# 91 honda civic ev conversion



## luke woods (Dec 2, 2013)

I have a 91 Honda civic and would like to make it an ev. I have been reading up on ev conversions but would like any feedback about this vehicle, what motor to use, batteries, etc...
I drive about 130 miles round trip every day, and there are quite a few hills. It's highway and freeway most of the way. I need to drive at least 65 MPH, more would be good, I like overkill. I am worried that it is just too far on a charge. I would charge it while I work, so it would have a good 8 hours there then at home as well. 
I am somewhat mechanically inclined, and am going to DIY as much as possible, and I don't have much money to spend. I do not know much about electrical systems, but I am studying up on that. 
Also wondering if there is a way to charge while driving? Some kind of way to use an alternator or generator? If anything, at least to get a few more miles.
Any info is much appreciated.


----------



## jonescg (Nov 3, 2010)

Hi Luke,

Great choice of car, and one for which there are a few examples of well-built conversions. 

Your range of 130 miles (210 km) at 65 mph (105 km/h) is achievable, but it won't be cheap.

You will need the most energy dense battery you can possibly afford. Assuming 150 Wh/km (which is pretty efficient motoring) you will need about 32 kWh. If we factor the whole 80% DOD in there, you will need about 37 kwh. The best NMC chemistry you can find offers about 175 Wh/kg, so that means a good 220 kg worth of battery. 

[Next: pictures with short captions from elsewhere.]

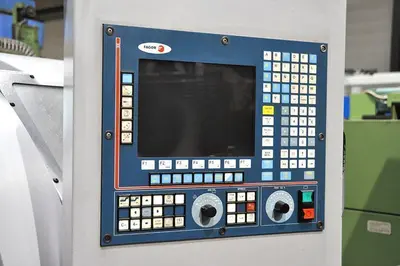 USED CHEVALIER FCL-26120 Ø 660 X 3000 MM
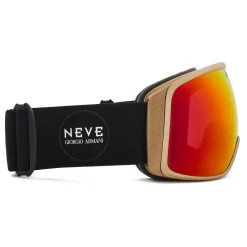 Giorgio Armani - Special Edition Goggle by Oakley - Gold - Sunglasses - Eyewear - Avvenice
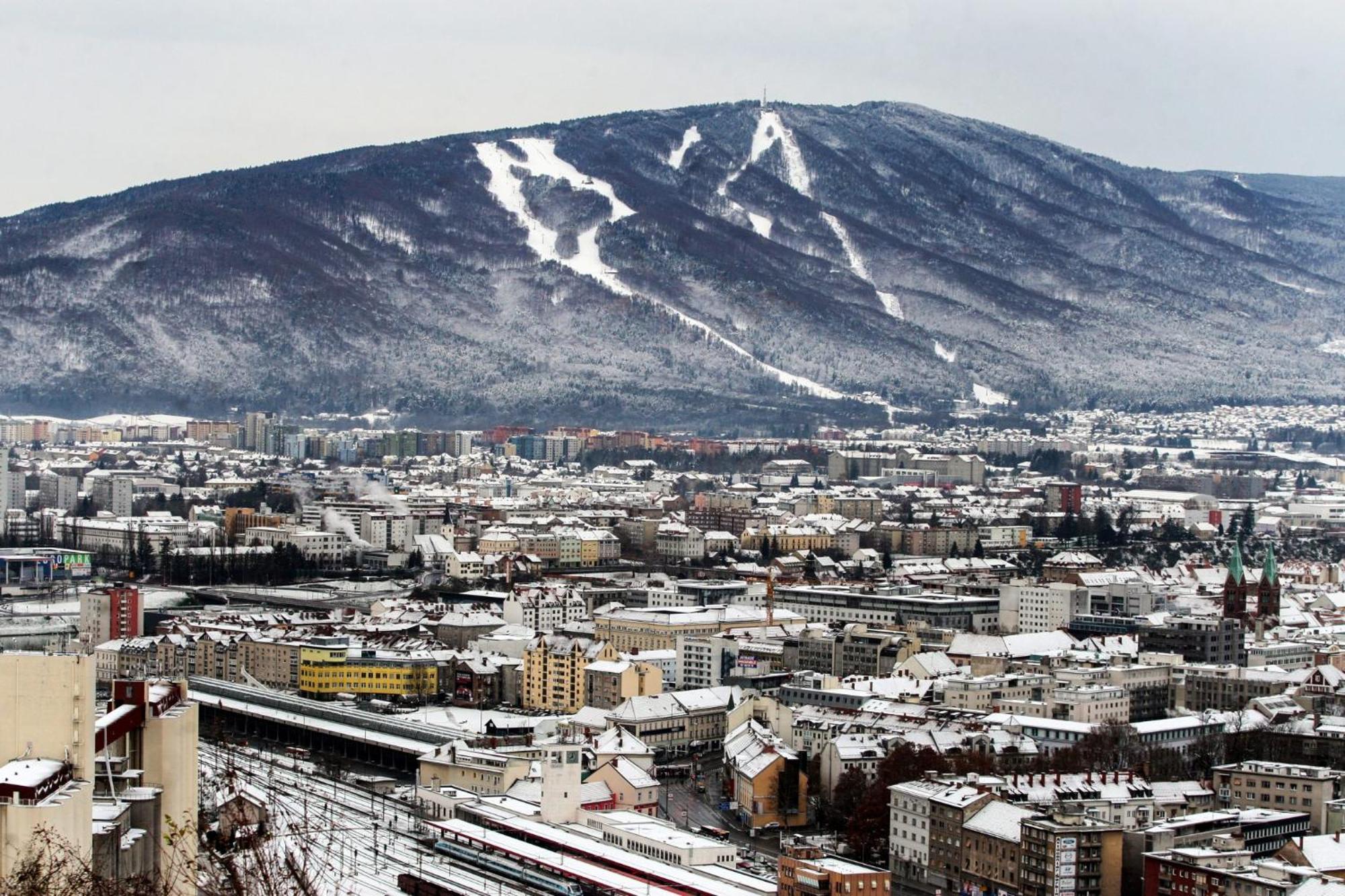 Apartma4Us Марибор Екстериор снимка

Provided you did away with the rear seats in your car, you can fit a battery this size behind the seats and provided you have a sub-80 kg motor-transmission up the front you won't be too far overweight. The motor will need to be very efficient too. 

All up, you're looking at a $60,000 conversion. Batteries are about $40,000 of that, and the controller-motor-transmission is easily $20k. Since you need efficiency and low weight, it would be best to avoid a DC setup.

Sorry to scare you off, but what you describe pretty much describes exactly what I hope to achieve with my Honda CRX conversion late next year, or whenever I can afford it.

Best of luck with it!

Chris


----------



## madderscience (Jun 28, 2008)

If you can RELY on charging at work then you don't need 130 miles of useable range. Even at level 1 (110V) charging you can recover about 30-40 miles of range in an 8 hour workday. this would mean you need about 90 to 100 miles of range. Round it off to 100 for sake of argument.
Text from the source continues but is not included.